While multi-year income has grown, aid organisations report that current levels of multi-year funding are largely insufficient to change their modus operandi. Aid organisations recognise there is a level of financial reassurance that comes with multi-year commitments from donors. However, since the Grand Bargain, aid organisations reported that the increase in allocations of multi-year grants has not occurred at a pace that would encourage a significant change in how they plan and implement programmes. Generally insufficient funding within the humanitarian system was highlighted as a factor that limits aid organisations’ opportunities for trialling new approaches (where there may be a higher risk of not meeting donor expectations). It also hampers investment in learning and building an evidence base, and resourcing in-country capacity.

The volume of funding is not the sole factor limiting the development and impact of multi-year programming. For some aid organisations, multi-year programming is not yet a mature enough approach. Although there are some settings where they could establish or trial programmes with longer-term outcomes, some aid organisations noted that they may not yet have sufficient expertise to roll these out, as well as not being in the position to manage the financial risk associated with trialling these longer-term programmes. This again leaves limited opportunity for trialling a different approach from the usual annual programme cycle. Challenges in increasing multi-year planning and funding are, to an extent, not unique to multi-year approaches. Many pervade the humanitarian system – for instance, staff retention, gaps in funding cycles and, in cases of escalation or sudden onset of crisis, higher transaction costs and challenges in establishing or scaling up programme administration. A multi-year approach needs to overcome some of these ingrained issues, as well as deliver better results.

It was commonly noted that multi-year programming within aid organisations has yet to reach the scale at which more transformational outcomes could be achieved. Most aid organisations did report that they are increasingly taking a multi-year approach where they have a sustained presence. However, there is no common framework for reporting the results and outcomes of multi-year programmes, and there have been very few evaluations of such programmes. As a result, it is not yet possible to have a clear system-wide sense of their results and outcomes. Aid organisations also reported that there has to date been limited knowledge-sharing on good and less-successful practice in using multi-year funding and programming, which has further inhibited learning.

Box 2

How do multi-year programming and funding interlink?

As previous papers have observed[1], multi-year funding alone does not bring about efficiency and effectiveness gains unless it is deliberately managed to do so. Aid organisations are increasingly planning multi-year programmes (see the section ‘First-level recipients’ reported multi-year humanitarian income’), although they are at different stages in the development of their internal processes and learning. Clearly, funding and programming run in parallel and feed into one another in some circumstances and in some aid organisations’ financial models direct programming approaches. However, this is not the case for all aid organisations. Broadly, there appear to be two categories that define how multi-year funding and programming interlink. Multi-year programming is either driven by the receipt and availability of multi-year funds, or aid organisations programme on a multi-year basis irrespective of the volumes of multi-year funding secured.
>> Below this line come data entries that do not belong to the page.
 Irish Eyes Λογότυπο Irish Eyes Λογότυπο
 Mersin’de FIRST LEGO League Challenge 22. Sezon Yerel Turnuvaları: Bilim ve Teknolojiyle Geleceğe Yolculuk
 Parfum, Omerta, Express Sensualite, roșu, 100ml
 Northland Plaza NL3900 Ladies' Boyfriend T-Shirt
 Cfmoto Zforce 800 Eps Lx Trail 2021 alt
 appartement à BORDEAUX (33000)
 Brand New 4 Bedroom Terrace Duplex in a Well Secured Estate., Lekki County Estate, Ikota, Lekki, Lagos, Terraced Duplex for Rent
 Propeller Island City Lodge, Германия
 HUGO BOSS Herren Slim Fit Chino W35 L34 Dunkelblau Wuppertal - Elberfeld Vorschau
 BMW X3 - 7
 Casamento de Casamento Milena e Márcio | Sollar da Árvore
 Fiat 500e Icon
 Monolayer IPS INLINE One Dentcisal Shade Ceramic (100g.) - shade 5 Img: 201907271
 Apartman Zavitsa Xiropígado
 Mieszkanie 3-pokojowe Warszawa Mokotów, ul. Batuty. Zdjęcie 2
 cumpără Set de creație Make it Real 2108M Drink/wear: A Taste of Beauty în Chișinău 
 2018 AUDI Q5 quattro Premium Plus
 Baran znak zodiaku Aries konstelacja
The first approach was found to be more common among aid organisations whose mandate is primarily humanitarian and for which a single programme is likely to be funded by a single grant. Many aid organisations consider the availability of multi-year grants to be a guarantor of multi-year programming. In the absence of funding, they are less likely to assume the long-term risk to their programme, whether they self-implement or work with downstream partners. For these organisations, it is likely that multi-year programming is still nascent, or a potential spin-off from the Grand Bargain and the subsequent increases in volumes of multi-year funding they have received from donors. While they have developed multi-year programmes in some larger crises, they still seek further funding for similar programmes in smaller-scale crises.

For multi-mandate aid organisations, the second approach is often more common, with multi-year programming more intrinsic to existing ways of working and less driven by external reforms. These organisations may often plan and programme on a multi-year basis irrespective of funding secured. In these circumstances, the availability of greater volumes of unearmarked income was identified as an enabling factor. These aid organisations build on their long-term in-country presence, and their programmes pursue objectives beyond humanitarian ones. Their internal structures are more attuned to delivering cross-cutting or wider programmes, and they are likely to be supported by greater and more flexible income.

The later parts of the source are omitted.